> **WHAT THE EXERCISE ASKS**:
Please repeat nothing except the lines from the one containing "Polyporus squamosus image" through the end of the records, exactly and without pictures.

****************

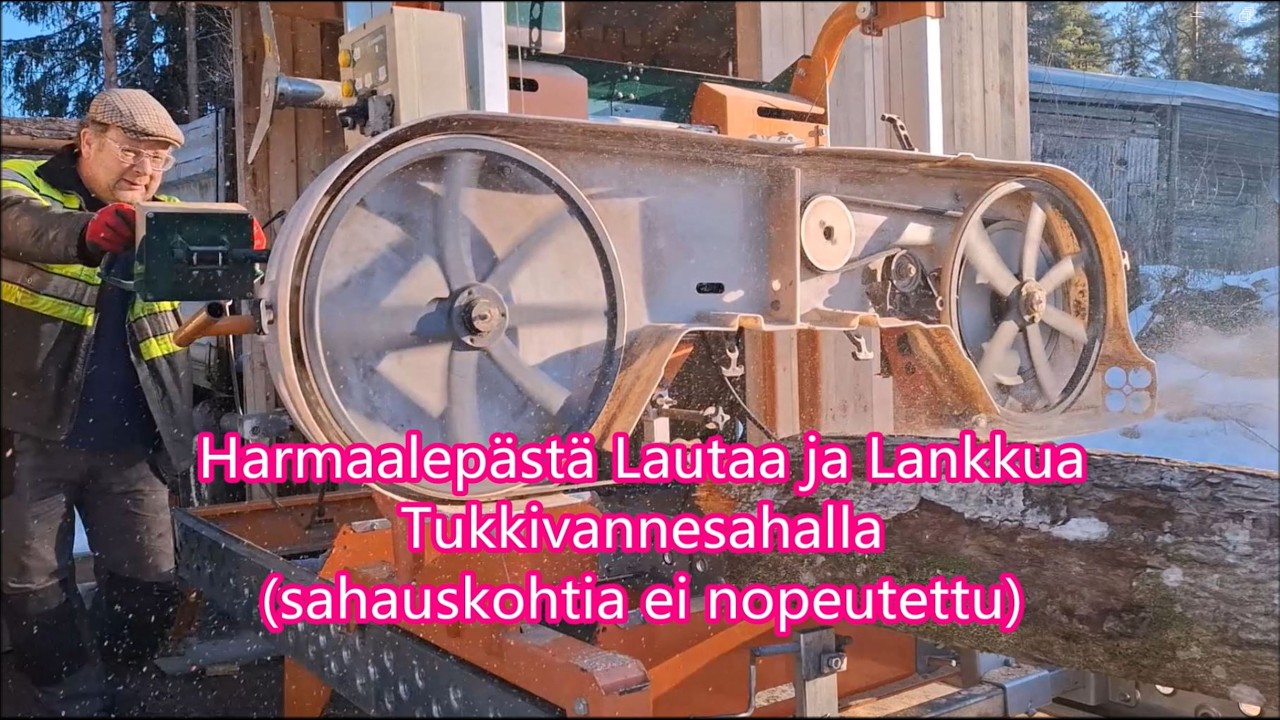 Harmaalepästä Lautaa ja Lankkua Tukkivannesahalla (sahauskohtia ei nopeutettu)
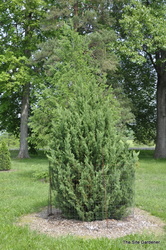 Juniperus chinensis 'Blue Point' — photo 2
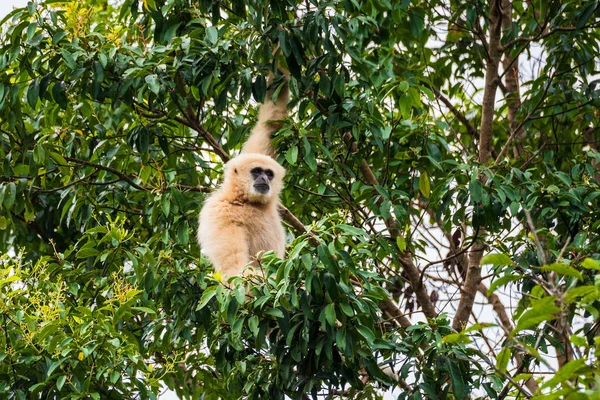 Gewone Gibbon, wit-handige Gibbon — Stockfoto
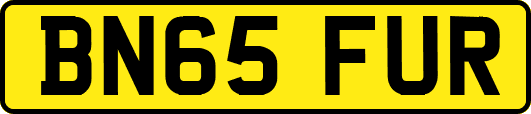 BN65FUR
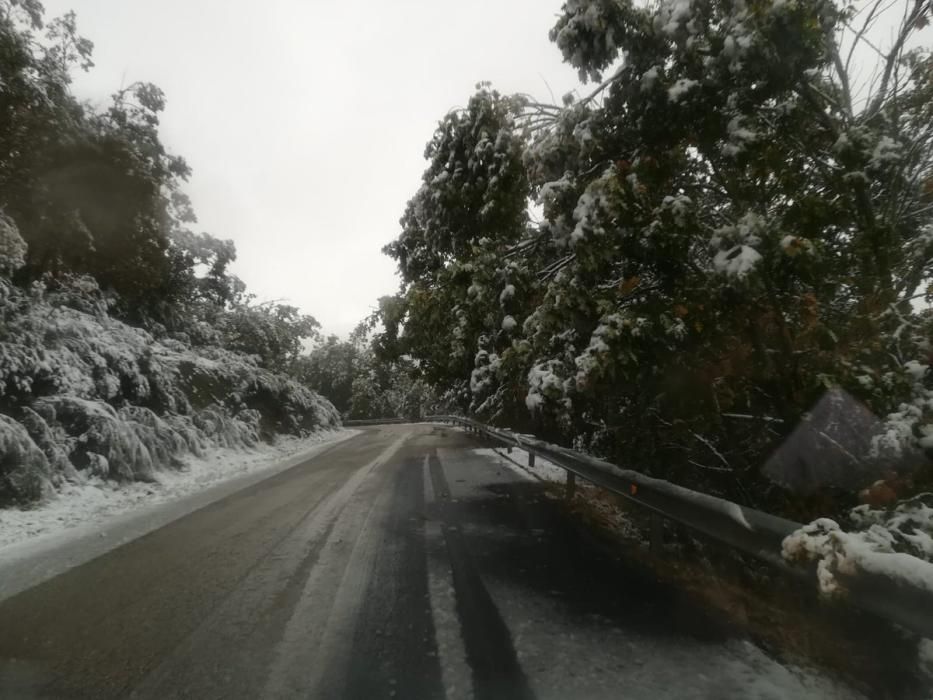 Primeras nevadas en Sanabria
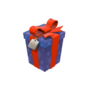 Backpack A Carefully Wrapped Gift.png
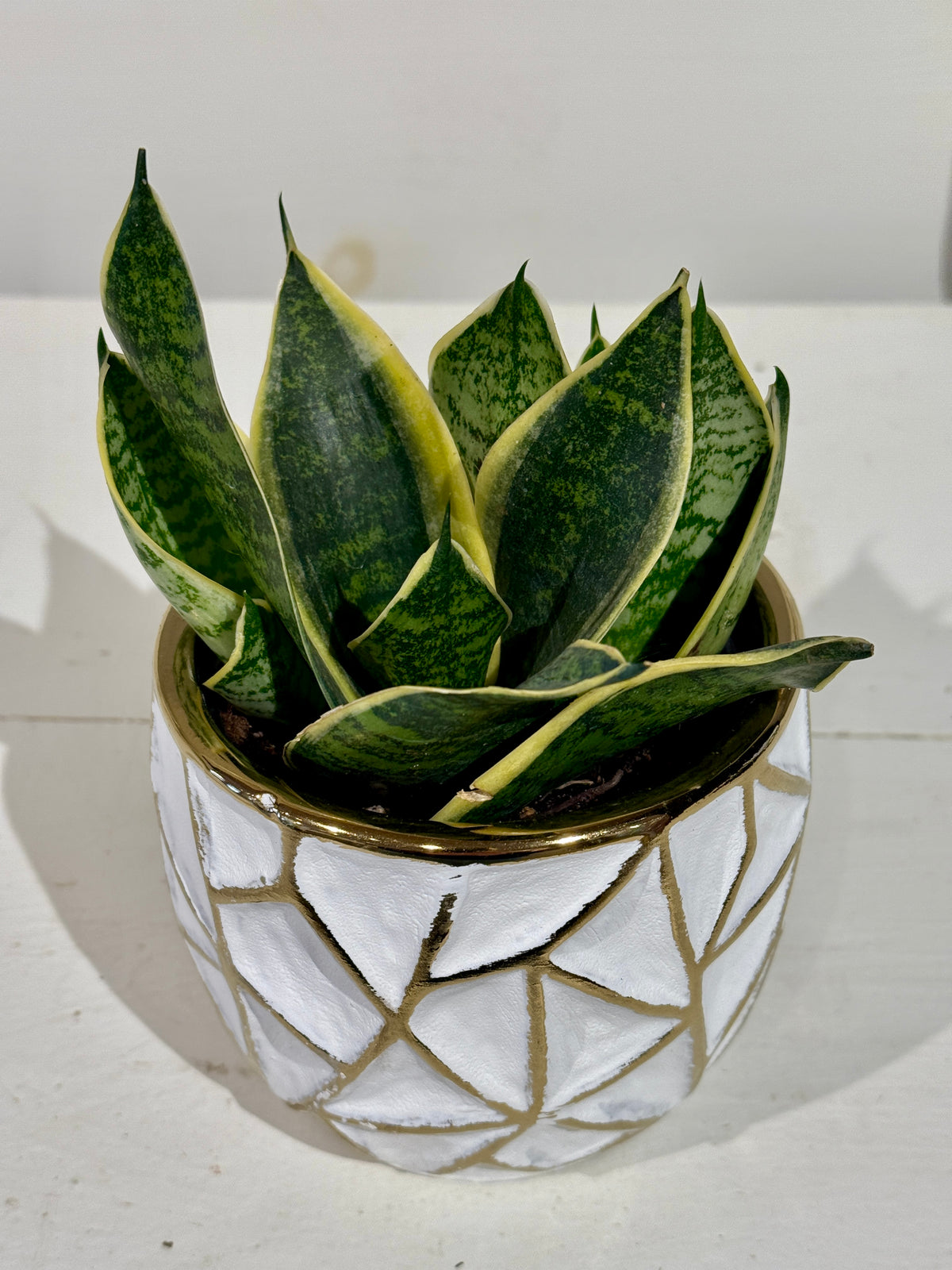 Snake Plant 4&quot; in Gold and White Pot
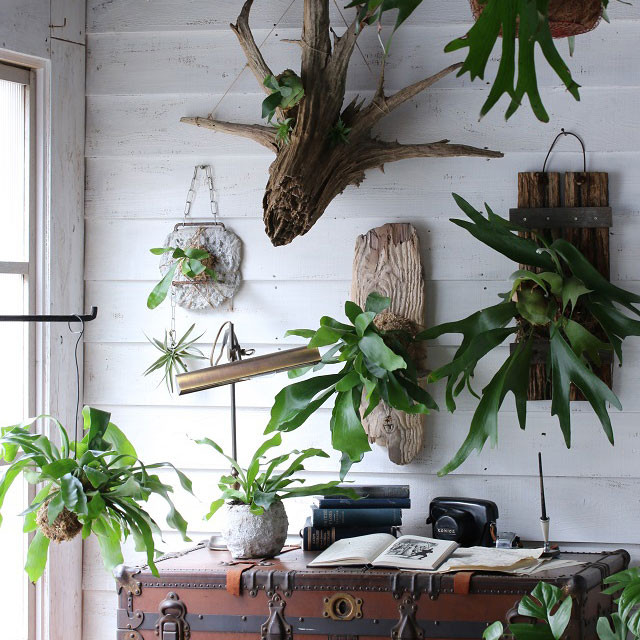 おしゃれ×カッコイイ　真似したくなるコウモリラン（ビカクシダ）の男前インテリア 5選！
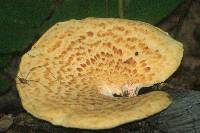 Polyporus squamosus image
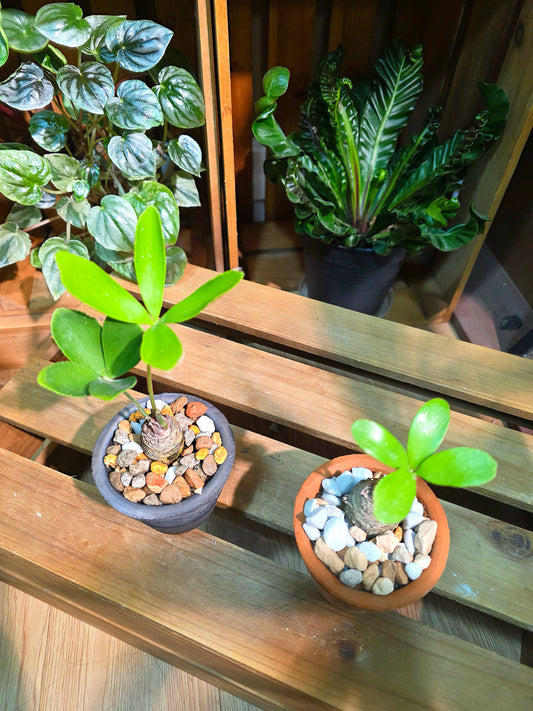 Zamia furfuracea 幸運鐵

****************

> **SOLUTION TO THIS TASK**:
 Polyporus squamosus image
 Zamia furfuracea 幸運鐵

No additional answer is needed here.